DO CONCURRENT allows the

Arjen_Markus · ‎09-15-2015

I am experimenting a bit with the DO CONCURRENT construct to see if it would improve the performance of one of our programs. Currently I am using Intel Fortran 15, so perhaps the observations I have made are no longer true.

Anyway, here is the basic code I use:

program doconcurrent
    implicit none

    integer, parameter  :: sz = 10000000
    real, dimension(sz) :: array
    integer             :: i, j, chunk, ibgn, iend, tstart, tstop

    call system_clock( tstart )
    do j = 1,10000
        do concurrent (i = 1:sz)
            array(i) = 10.0 * i * j
        enddo
    enddo
    call system_clock( tstop )

    write(*,*) array(1)
    write(*,*) tstop - tstart

end program doconcurrent

It does not do anything useful except exercise the DO CONCURRENT construct. But:

- Compiling it with and without -Qparallel gives roughly the same runtime, about 25 seconds. So no improvement whatsoever

- I can see that the program runs in 9 threads if I compile it with -Qparallel and with only one thread if I leave out that flag. Also the -Qpar-report flag indicates the loop is parallellized.
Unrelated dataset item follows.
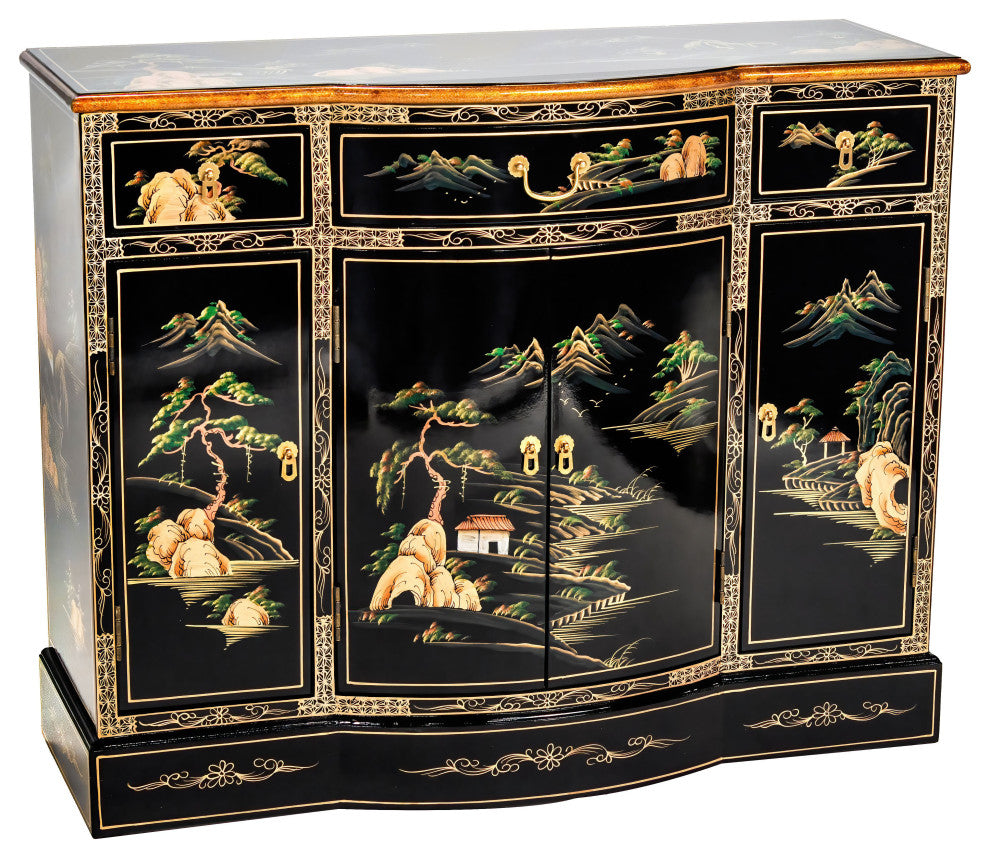 Black Lacquer Curved Sideboard Landscape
- If I insert a write statement to see if the iterations are run in a non-deterministic way, the loop is no longer parallellized.
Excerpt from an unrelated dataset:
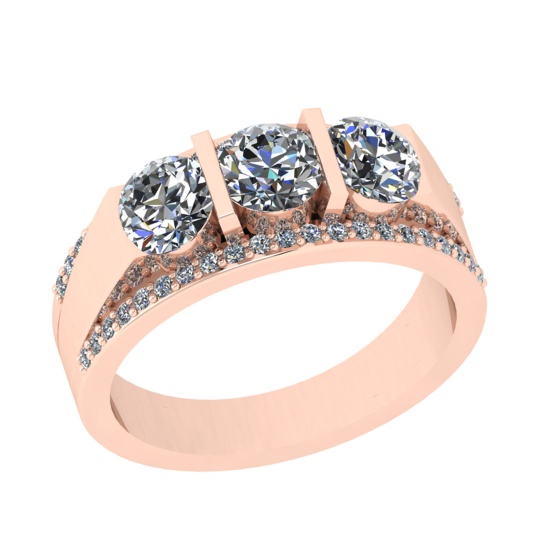 1.75 Ctw SI2/I1 Diamond 14K Rose Gold Bridal Wedding Set Ring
- My theory was that the runtime is determined by the storing of the new values of the array and that the threads get in each other's ways. So instead of this one loop, I used an outer loop that split the loop in large chunks, something like:

    do j = 1,10000
        do concurrent (chunk = 1:8)
            ibgn = 1 + (chunk-1) * (sz+7)/8
            iend = min( chunk * (sz+7)/8, sz )
            do concurrent (i = ibgn:iend)
                array(i) = 10.0 * i * j
            enddo
        enddo
    enddo

But then only the inner loop is parallellized - if I use an ordinary do-loop for the inner one, nothing gets parallellized.

Any comments? An alternative - in this case - would be to use OpenMP, but the drawback of that is that I have define the "privateness" and "sharedness" of the variables involved myself ;).

TimP · ‎09-16-2015

This example offers opportunities for the compiler to recognize duplicate operations, so that there is no gain for parallelization once the available shortcuts have been taken.
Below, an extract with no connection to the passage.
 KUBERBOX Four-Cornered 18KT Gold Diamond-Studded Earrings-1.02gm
The 16.0 compiler did improve optimization of do concurrent, to the point where it is the fastest alternative for one of my non-parallel examples from netlib vector benchmark. I don't think it's possible to guess when do concurrent will be the fastest choice, but now there isn't much penalty for using it when it may be the clearest expression even if it doesn't bring special optimizations.

Arjen_Markus · ‎09-16-2015

Hm, I guess I should experiment with a more useful and elaborate example then :). Pity, that will be more work.

On the other hand, as you say, using DO CONCURRENT does express clearly that no dependencies exist.

FortranFan · ‎09-16-2015

See this thread: https://software.intel.com/en-us/forums/intel-visual-fortran-compiler-for-windows/topic/539969

My observations generally have been that in order for DO CONCURRENT to be effective, there needs to be sufficient computational heft; otherwise, the overhead of "setting up" the parallel operations can overwhelm the benefits. But of course, the other value of DO CONCURRENT can be clarity in coding, as mentioned by Tim Prince.

jimdempseyatthecove · ‎09-16-2015

While DO CONCURENT is documented as potentially being parallized in conjunction with /Qparallel (auto-parallelization), can someone clarify the behavior in presence of /Qopenmp? (and presence of both options)

1) Is it cognoscente of OpenMP
2) Does it use its own thread team or re-use the OpenMP thread team(s)?
3) If re-use, does it implicitly follow OpenMP nested parallelization rules (regarding if nested enabled or not)

Jim Dempsey

TimP · ‎09-16-2015

With a suitable example, it should be easy to perform tests to answer Jim's questions.

My example of do concurrent is compiled with /Qopenmp, but doesn't parallelize. There's no indication in opt-report of parallelization being considered. The scalar loop cost of do concurrent is quoted 40% higher than for a C equivalent, so the reported vector speedup is exaggerated (do concurrent in ifort 16.0 just matches performance of Intel C).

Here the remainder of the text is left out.